──────── Data for this exercise

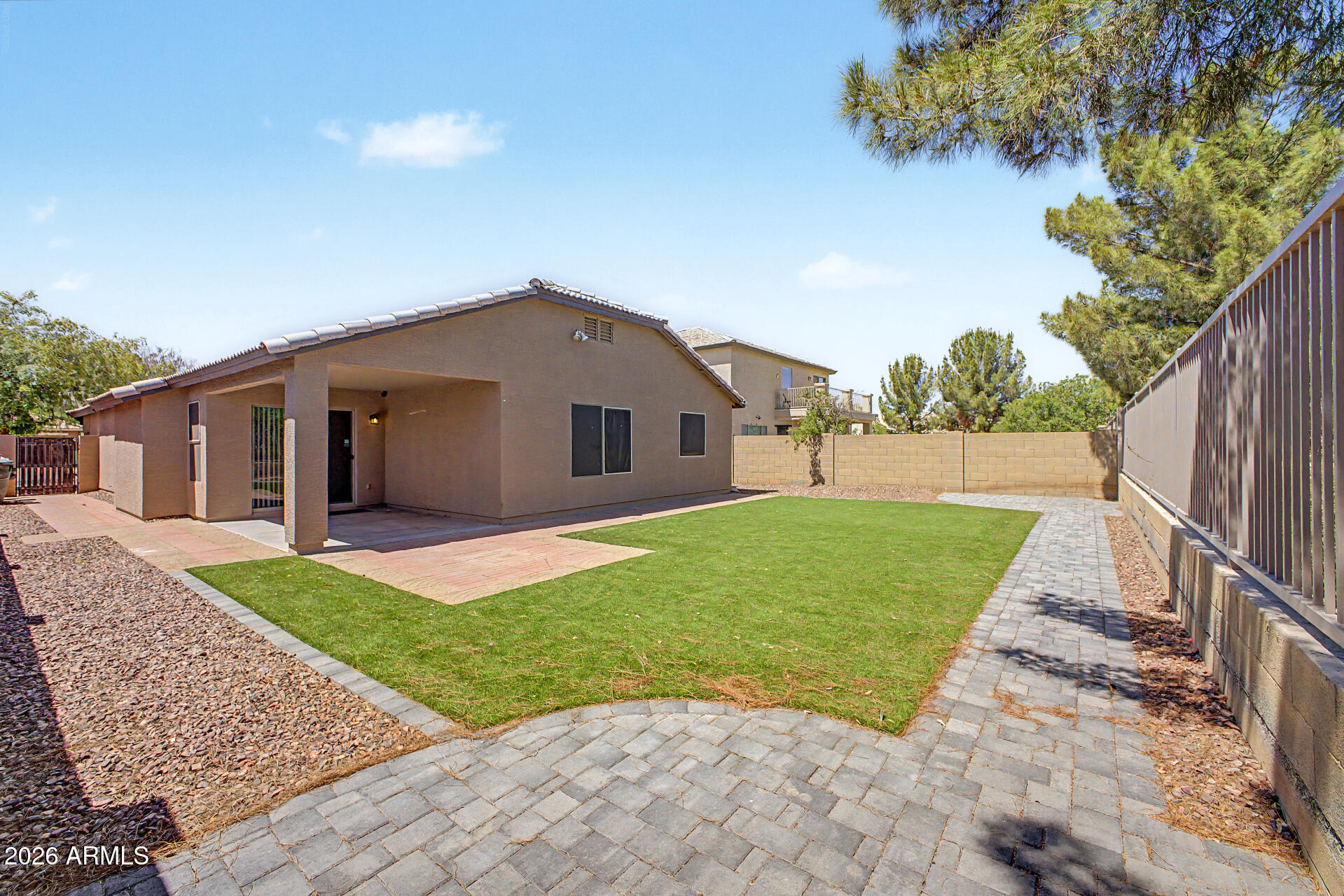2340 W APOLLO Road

────────────────
──────── Data for this exercise

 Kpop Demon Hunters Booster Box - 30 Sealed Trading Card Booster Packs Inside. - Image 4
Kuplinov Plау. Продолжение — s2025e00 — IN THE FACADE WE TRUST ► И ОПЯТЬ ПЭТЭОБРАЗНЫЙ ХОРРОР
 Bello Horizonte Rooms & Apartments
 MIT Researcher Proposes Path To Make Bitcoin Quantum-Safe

────────────────

Problem details
Beginning with the line containing "Kpop Demon Hunters" and ending with the line containing "MIT Researcher Proposes", extract those lines exactly from the listing above, and only those.

Response area
 Kpop Demon Hunters Booster Box - 30 Sealed Trading Card Booster Packs Inside. - Image 4
Kuplinov Plау. Продолжение — s2025e00 — IN THE FACADE WE TRUST ► И ОПЯТЬ ПЭТЭОБРАЗНЫЙ ХОРРОР
 Bello Horizonte Rooms & Apartments
 MIT Researcher Proposes Path To Make Bitcoin Quantum-Safe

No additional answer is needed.